後の作品でシリーズ探偵役となる酒島章(さかしましょう)警部は人妻とゴルフばかりして、なぜか最後にちゃかり解決する。
ミステリの趣向として面白いのは、”人物に関するトリック”が4種類も入っているところで、通俗小説として読んでいるとまんまと騙されます。

No.1 4点 江守森江
(2010/05/23 19:09登録)
「私××なんです」で書き出される夕刊紙エロ小説の大家であり芥川賞作家でもある宇能鴻一郎大先生が、覆面作家として嵯峨島昭→(探しましょう)と駄洒落たペンネームでミステリーを書き出した最初の作品。
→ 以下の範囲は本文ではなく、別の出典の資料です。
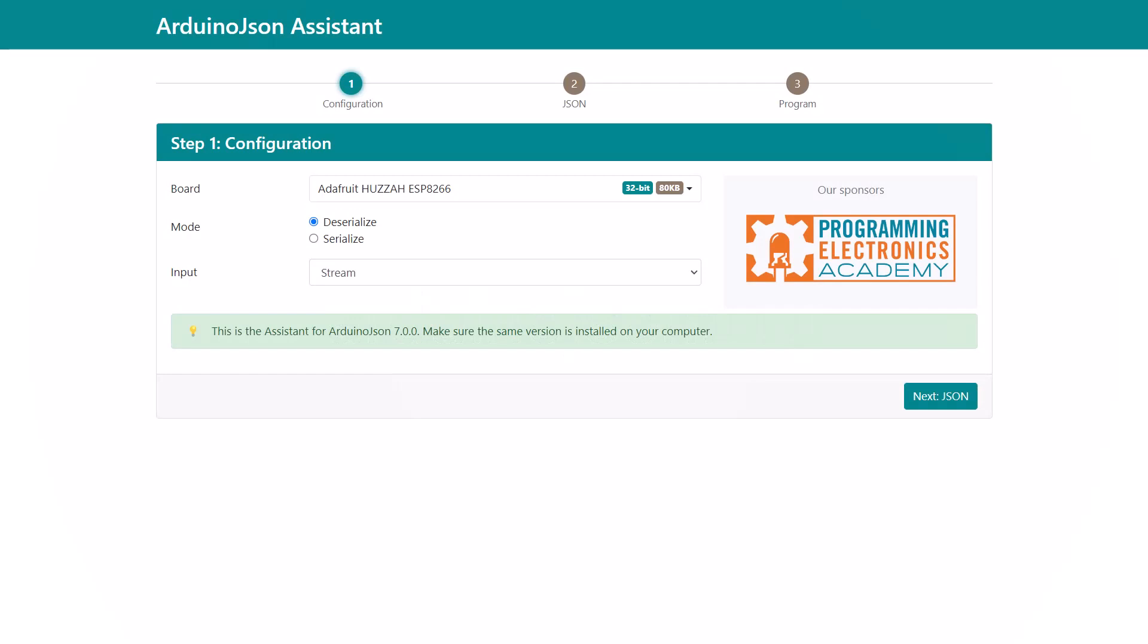I already published a new version of the ArduinoJSON Assistant. As you'll see, it's slightly different from what you're used to. First of all, the raison d'être of the Assistant changed.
主人公が登場する女性達とやりまくり、性描写と旅回りの踊り子世界の描写に力点があり、ミステリーよりもエロスを追求した作風で、そのまま宇能鴻一郎名義で発表してもよかったかもしれない。
一部では、エロを絡めた結末の付け方がバカミスとして高評価されているが、それ程の作品ではない。
※発表当時より数年先の風俗に関する余談
私が学生時代のストリップは警察の摘発に負けず、まだ過激で本番マナ板ショーなどもあり、先輩に連れていかれ、後輩は舞台に上がるジャンケンに強制参加させられた(寮生の宿命)
親友がジャンケンに勝ち残り、みんなの前でさらし者になったのは今でも語り草で同窓会でも話題になる。